Line by line, set down all the data below exactly, omitting any picture.

** Opening GIVEN RECORDS block **

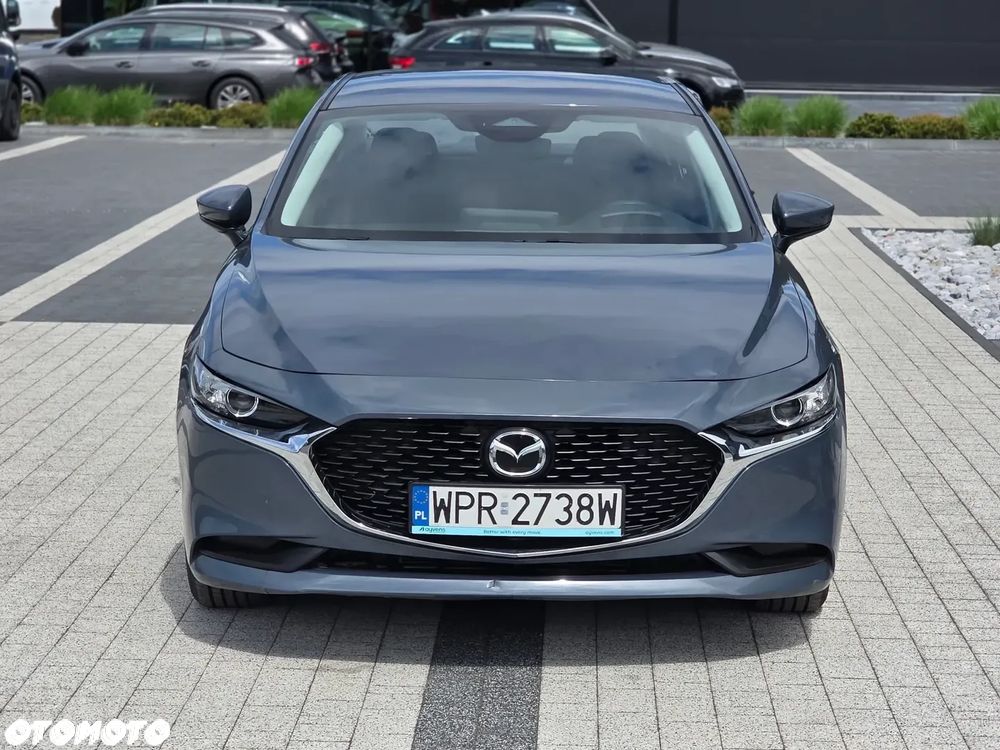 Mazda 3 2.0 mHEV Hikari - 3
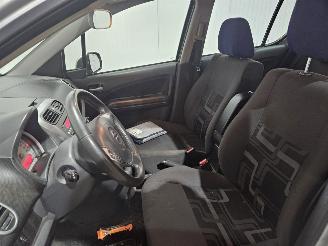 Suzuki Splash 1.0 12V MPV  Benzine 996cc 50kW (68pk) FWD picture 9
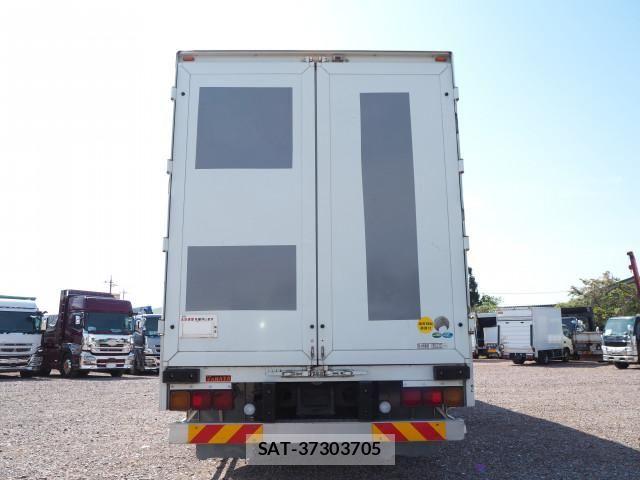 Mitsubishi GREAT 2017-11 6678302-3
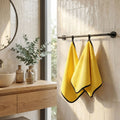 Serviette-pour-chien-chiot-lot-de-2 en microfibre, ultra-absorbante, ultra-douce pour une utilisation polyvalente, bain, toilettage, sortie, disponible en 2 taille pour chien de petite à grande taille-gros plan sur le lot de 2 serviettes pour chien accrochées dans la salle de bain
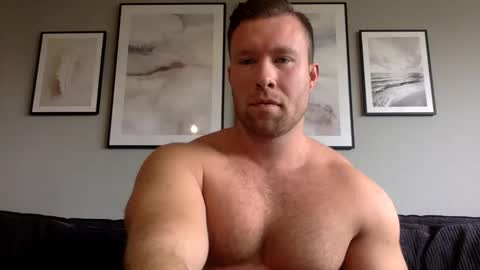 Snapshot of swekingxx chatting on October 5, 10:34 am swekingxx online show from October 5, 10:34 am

** Closing GIVEN RECORDS block **

__RESULT BELOW__:
 Mazda 3 2.0 mHEV Hikari - 3
 Suzuki Splash 1.0 12V MPV  Benzine 996cc 50kW (68pk) FWD picture 9
 Mitsubishi GREAT 2017-11 6678302-3
 Serviette-pour-chien-chiot-lot-de-2 en microfibre, ultra-absorbante, ultra-douce pour une utilisation polyvalente, bain, toilettage, sortie, disponible en 2 taille pour chien de petite à grande taille-gros plan sur le lot de 2 serviettes pour chien accrochées dans la salle de bain
 Snapshot of swekingxx chatting on October 5, 10:34 am swekingxx online show from October 5, 10:34 am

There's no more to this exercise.